Celso recusa pedido de Flávio Bolsonaro para ter acesso ao depoimento de Paulo Marinho

Decano colocou testemunho do empresário sob sigilo na noite de segunda, 25, e em seguida, negou pedido apresentado pelo senador para obter cópia da oitiva; ex-aliado de Bolsonaro será ouvido nesta terça, 26, no Rio

Paulo Roberto Netto

26 de maio de 2020 | 01h13

O ministro Celso de Mello, do Supremo Tribunal Federal, negou às 23h15 de segunda-feira, 25, o pedido da defesa do senador Flávio Bolsonaro para ter acesso ao depoimento do empresário Paulo Marinho, que será ouvido nesta terça, 26, no Rio de Janeiro. O decano colocou a oitiva sob sigilo, atendendo requisição da Polícia Federal.

Ao negar o pedido de Flávio Bolsonaro, Celso de Mello destacou que o senador não é investigado no inquérito que apura supostas interferências políticas do presidente Jair Bolsonaro na Polícia Federal. Por isso, não poderia ter acesso ao depoimento de Marinho – o documento ficou restrito apenas ao Ministério Público Federal após o decano impôr sigilo.
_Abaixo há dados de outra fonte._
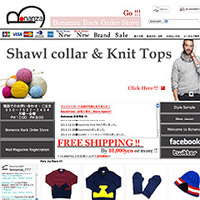 ネットショップのサイト制作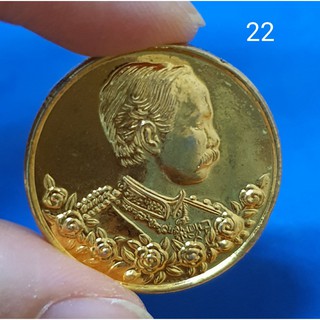 เหรียญรัชกาลที่ 5 หลังพระพุทธชินราช เนื้อทองแดงกะไหล่ทอง [Code 22]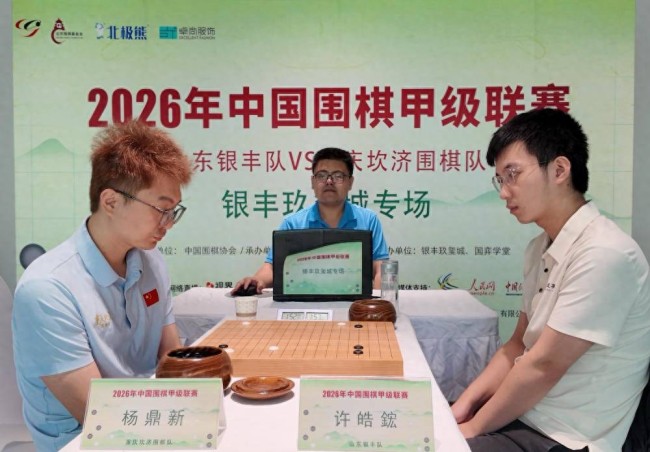 一盘六小时的鏖战，一场读秒声里的生死劫——围甲鲁渝主将战的“微距”对决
“Cabe observar, finalmente, que praticados os atos de investigação penal postos sob regime de sigilo, tal circunstância não impedirá que, em momento oportuno, e uma vez formalmente incorporados aos autos do inquérito, venham eles a tornar-se acessíveis aos investigados”, esclareceu o ministro.

O depoimento de Marinho será prestado às 9h desta terça, 26, na sede da Superintendência da Polícia Federal no Rio de Janeiro. O empresário e ex-aliado de Bolsonaro é pivô de investigação sobre suposto vazamento de informações da Operação Furna da Onça, que levou à produção do relatório do Coaf que detectou movimentações suspeitas do ex-assessor Fabrício Queiroz. O caso foi revelado pelo Estadão.
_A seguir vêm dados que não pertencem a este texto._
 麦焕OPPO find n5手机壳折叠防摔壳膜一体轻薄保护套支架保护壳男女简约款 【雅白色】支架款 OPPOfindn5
O senador Flávio Bolsonaro durante coletiva de imprensa no Palácio do Planalto, em Brasília. Foto: Ueslei Marcelino / Reuters

Em entrevista à Folha de S. Paulo, Marinho revelou que um delegado simpatizante de Bolsonaro teria repassado a dica para demitir Queiroz e sua filha antes da deflagração da operação – e disse que iria ‘adiar’ a ação para depois do segundo turno das eleições de 2018.

O empresário já foi ouvido pela Polícia Federal e pelo Ministério Público Federal no inquérito da PF Rio sobre o vazamento. Agora, prestará depoimento no caso Moro contra Bolsonaro após intimação da Procuradoria-Geral da República. O caso quer apurar ligações entre as revelações do Marinho e as acusações de Moro sobre as tentativas de Bolsonaro em trocar o comando da Polícia Federal do Rio.